AI Engineering By Chip Huyen

Applied ML
Author

Ritesh Kumar Maurya

Published

January 13, 2026

Chapter 1 Introduction to Building AI Applications with Foundation Models

Language Models (LMs)

Masked Language Models (MLM)

  • Predict missing tokens in a sentence
    Example: My favorite __ is blue
  • Use bidirectional context (both previous and next tokens)
  • Common use cases:
    • Sentiment analysis
    • Text classification
    • Code debugging (requires full contextual understanding)
  • Example: BERT (Bidirectional Encoder Representations from Transformers)

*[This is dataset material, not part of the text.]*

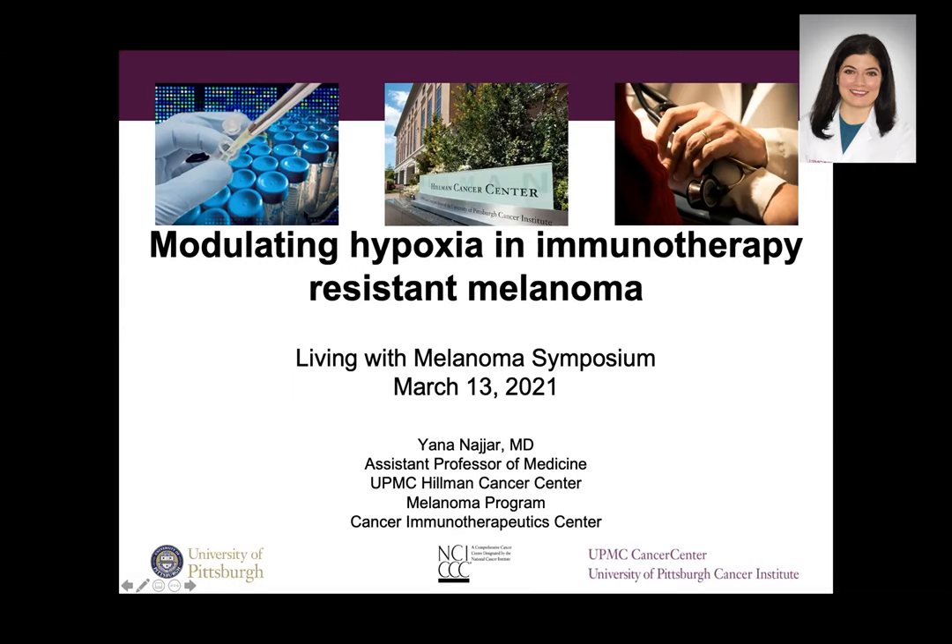Thank you so much, Hassan, for the kind introduction. I'm so sorry for the issue with my video, and it's such a pleasure to be invited to speak today as a member of the melanoma group. I want to give a special shout out because a patient of mine is admitted, and I know they are watching from their hospital bed, so thank you. Today I'll be discussing a huge area of interest in my lab and my collaborators' lab, which is modulating hypoxia in immunotherapy resistant melanoma.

Generative Language Models

  • A language model can generate infinite outputs using a finite vocabulary
  • Models capable of producing open-ended outputs are called generative models
  • This forms the basis of Generative AI

Learning Paradigms

Self-Supervised Learning

  • Labels are automatically derived from the input data itself

Unsupervised Learning

  • No explicit labels are required

When to Outsource Model Building

Build In-House When

  • The model is critical to business differentiation
  • There is a risk of exposing intellectual property to competitors

Outsource When

  • It improves productivity and profitability
  • It provides better performance and multiple vendor options

Role of AI in Products

Critical vs Complementary

  • Complementary:
    The application can function without AI (e.g., Gmail)
  • Critical:
    The application cannot function without AI (e.g., face recognition)
    Requires high robustness and reliability

Reactive vs Proactive

  • Reactive:
    Responds to user inputs (e.g., chat-based responses)
  • Proactive:
    Takes initiative (e.g., traffic alerts in navigation apps)

Static vs Dynamic

  • Static:
    Features are updated only during application upgrades
  • Dynamic:
    Features evolve continuously based on user feedback

Automation in Products (Microsoft Framework)

  • Crawl:
    Human involvement is required
  • Walk:
    AI assists and interacts with internal employees
  • Run:
    AI directly interacts with end users
NoteKey Insight

Achieving 0–60% automation is relatively easy, but moving from 60–100% automation is extremely challenging.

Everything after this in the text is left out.